Colorado Springs Military Newspaper Group

Peterson Space Observer

Commander’s call updates Airmen on latest base information, news

By Lea Johnson

21st Space Wing Public Affairs staff writer

PETERSON AIR FORCE BASE, Colo. — The commander’s call Aug. 7 at the base auditorium was packed with need-to-know information for Airmen and civilians after being postponed for a month due to mission activities surrounding the Waldo Canyon fire in June.

For Airmen who are new to the area, Michelle Peterson, Outdoor Recreation program coordinator, said Colorado has a multitude of activities for all seasons. Outdoor Recreation is able to provide supplies and trips to members of Team Pete at a greatly reduced cost.

Supplies available include tents, sleeping bags, canoes, kayaks, skis, snowboards, ski pants and jackets, tables and chairs, and inflatables.

Peterson also reminded Airmen Outdoor Recreation has joined Information, Tickets and Tours, Leisure Travel, and Arts and Crafts in Building 640.

To continue the briefing, Shirley Crow, Domestic Abuse Victim Advocate, discussed another way the Air Force takes care of families. “We’re here to help serve all victims of domestic violence,” Crow said.
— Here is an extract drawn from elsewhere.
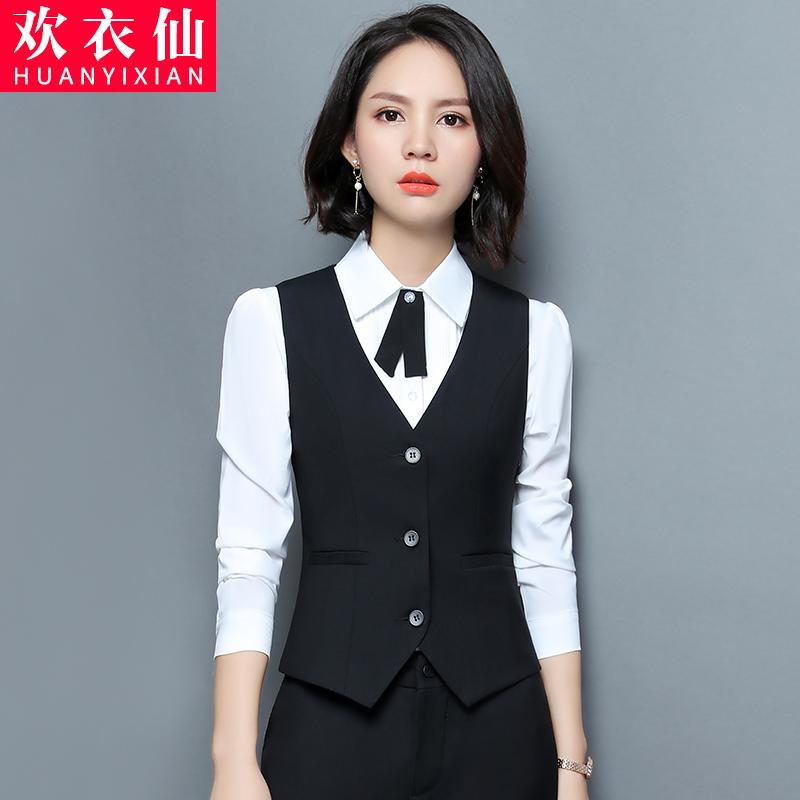 レディース スーツ 上品 ホテル 銀行 営業 広報 制服 ユニフォーム オフィス ワークウェア ジャケット ベスト シャツ スカート パンツ|セキュアデポ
She reminded those in attendance they are mandated reporters. “If you’re aware of a domestic violence situation you need to report that to family advocacy,” she said.

The DAVA crisis line is available 24/7 at (719) 244-9903.

Tech. Sgt. Wade Woods, 21st Space Wing safety office, had another message for Airmen about safety. In the first two-thirds of the Critical Days of Summer, the Air Force had 11 fatalities, mostly from motor vehicle and motorcycle mishaps.

“Make sure you drive within your means and your skill level,” Woods said.

Woods said the message was primarily directed at Airmen in their 20s, but all Airmen should be cautious of five things when driving- speed, impaired driving, fatigue, distracted driving, and wearing a seatbelt.

Staff Sgt. Christian Craig, 21st Security Forces Squadron investigator, briefed wing members on the importance of watching for potential human trafficking. “Trafficking of persons is the recruitment, transportation, transfer, or receipt of person by means of threat or force,” Craig said. People who have been trafficked are often found working in areas of prostitution, sweat shops, restaurant service and hotels.

Craig encouraged Airmen to report anything that looked suspicious to local police, the Air Force Office of Special Investigations, or SFS.

Gail Whalen, installation voting assistance officer, had an important reminder for Airmen about registering to vote. The presidential election is Nov. 6. “You only have 45 days before the election to make sure you’re registered (to vote),” Whalen said.

The 45-day deadline is Sept. 22, and absentee voting begins Sept. 28.

Anyone needing help with registering to vote can visit www.fvap.gov or contact Whalen at the museum.

Col. Jeffrey Flewelling, 21st SW vice commander, talked to Airmen about what is being done at the wing level to prioritize the work being done.

For months, Flewelling said, Airmen have been contributing to a “What Not to Do” tasker to lessen the workload, which will realize cost and time savings to the wing.

There have already been 119 ideas of tasks to eliminate submitted to the wing, which will go to Air Force Space Command for final approval. Some of those ideas were also submitted to the wing IDEA program, he said.

Airmen who have an innovative way for the Air Force to save money and manpower can submit their idea to the Innovative Development through Employee Awareness program and individuals may be awarded up to $10,000.

Col. Chris Crawford, 21st SW commander, expanded on Flewelling’s comments during his briefing to attendees. “The ‘What Not to Do’ tasker is about giving you ownership of the prioritization,” Crawford said. “We talk a lot about empowering the people. I view this as the ultimate exercise of that. You spend your time on the most important and mission-critical activities.”

Part of the process includes Crawford visiting the squadrons so he can see firsthand what problems exist. “I want to see where you need help, and why you need help so I can understand what those issues are. Sometimes I can fix it on the spot, sometimes I can fix it in the long run or advocate for it,” he said.

Crawford said what he wants to know is what is most important to the mission, so he can help refocus the work.

“I can’t guarantee you less work,” he said. “But I can guarantee you more important and better-focused work.”